Over the past few years, we’ve seen numerous examples of “liberation technology” at work around the world. According to a paper by Stanford Professor Larry Diamond, cases include the “Orange Revolution” in Ukraine in 2004, the 2005 “Cedar Revolution” in Lebanon, the 2007 “Saffron Revolution” in Burma, and the 2009-2010 “Green Movement” in Iran. Now, it looks like Professor Diamond – and the rest of us – might be able to add another country to that list.  The question is, overall, does the proliferation of social networking and new media make these types of events more likely, less likely, neither or both? I’d argue for “more,” although how much more I’m not sure. What do you think?

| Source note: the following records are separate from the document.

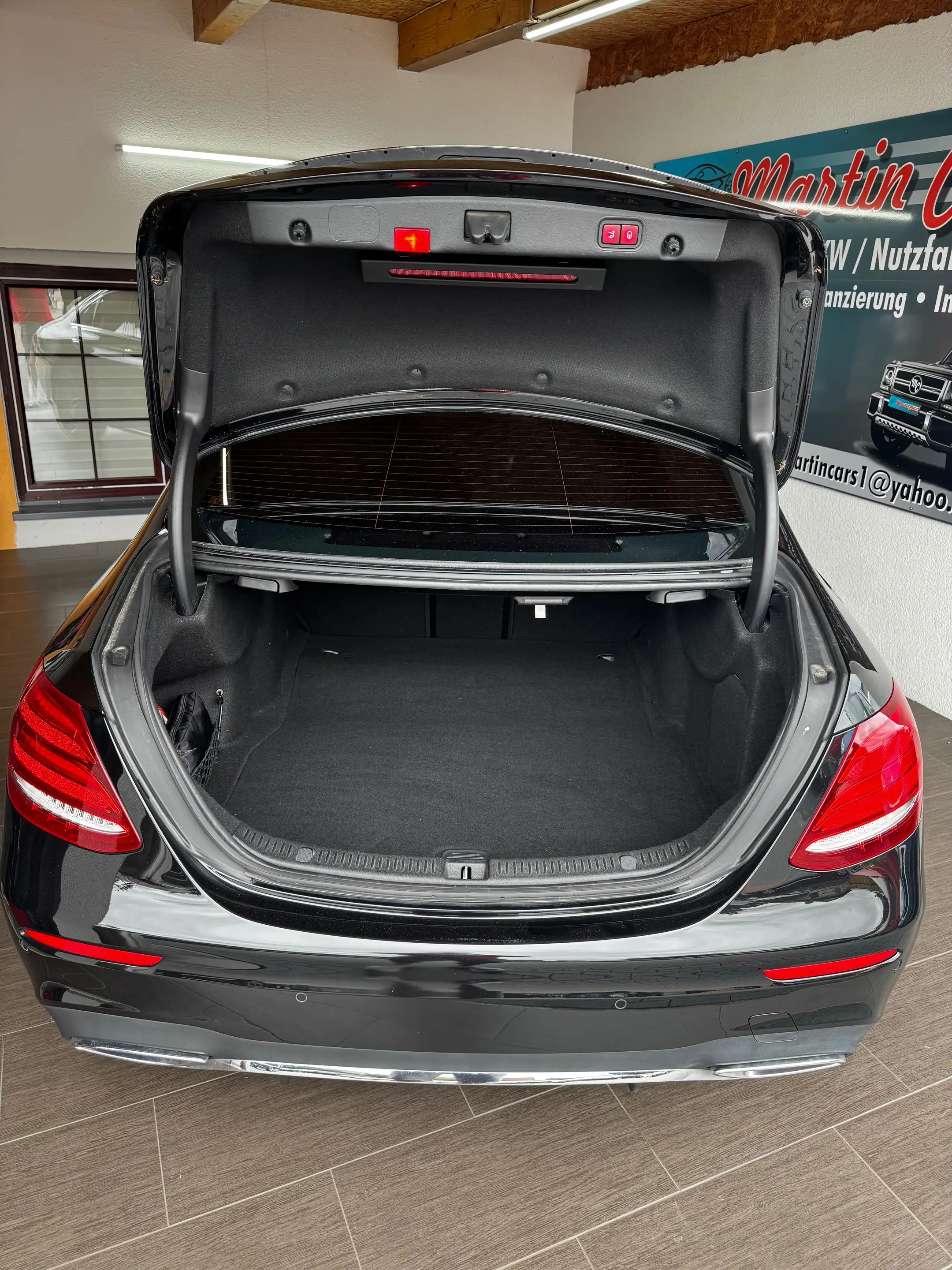 Mercedes-Benz E 400 Distronic 2.Hand Spurhalteasisst Schiebedach Sitzheizung AMG Felgen — photo 15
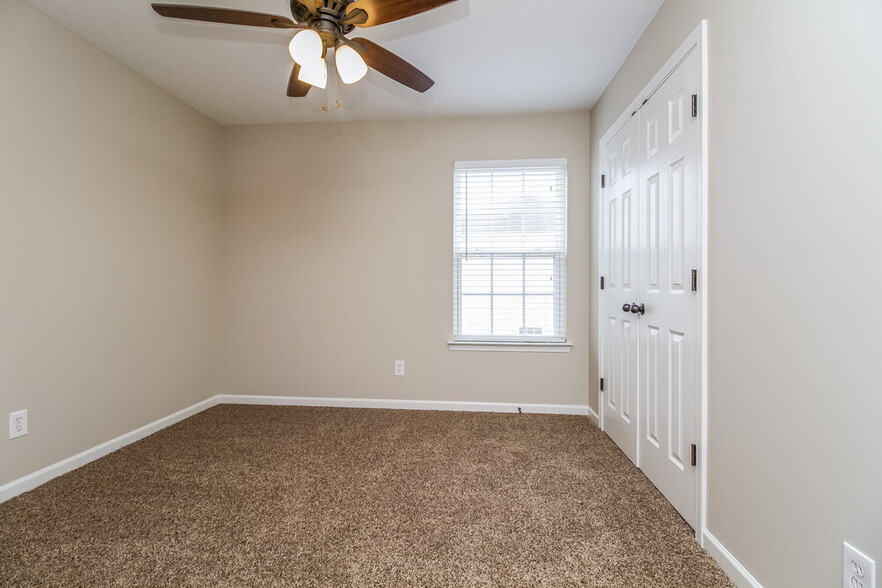 Building Photo - 6007 Eden Ln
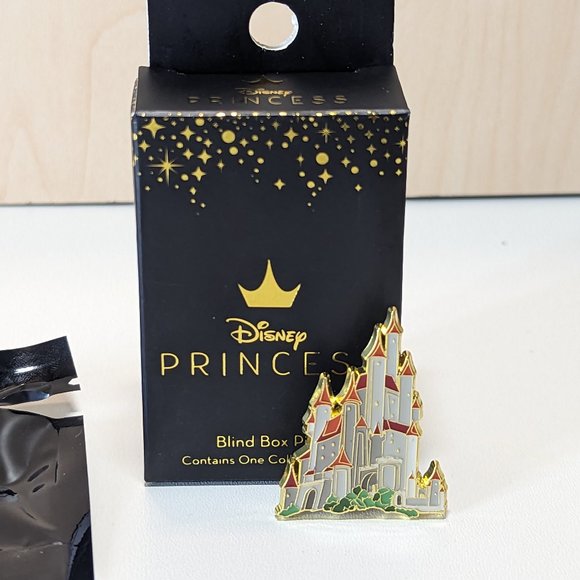 Disney Loungefly Princess Castle Snow White -  Mystery Blind Box Pin - Picture 1 of 5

P.S. My friend Yosem Companys, a research associate in the Program on Liberation Technology and a PhD student at Stanford conducting his dissertation on the origins of the netroots movement, points me to this story, which demonstrates that an authoritarian government can also use the same technologies to oppress people and suppress dissent. Of course, as Internet security expert Daniel Colascione has pointed out, it would help if Facebook and other tech firms did a better job at securing the data of their users to protect them from stuff like this. Yosem adds:

What’s enabling liberation is not so much the Internet technology itself but the ideas behind the technology.  On the technology design front, the US military promoted the design of the Internet as a decentralized communication system to survive a potential Soviet nuclear strike.  Thus, it’s not surprising that it’s so hard to control people’s activities on the Internet without rendering the Internet’s capabilities useless.  (This is what makes the net neutrality debate so important; the level at which one can best “control” the Internet is at the point of connectivity, which is the one that the large telecommunications companies “own.”  But that’s a separate story.) On the technology use front, the ideology — grounded in the Libertarian counterculture of the 1960’s — is that technology can liberate the individual from the larger structures that have traditionally governed society, such as the government and corporations, and individuals can thus create a better world through communal governance.  This ideology promoted the emergence of the commercial Internet through the initiative of Stewart Brand and the creation of vast fortunes in Silicon Valley, fostered opposition to the government’s regulation and corporations’ commercialization of cyberspace, and thus launched numerous “netroots” movements including blogging, crowdsourcing, file sharing, the netroots, the tea parties, and so on.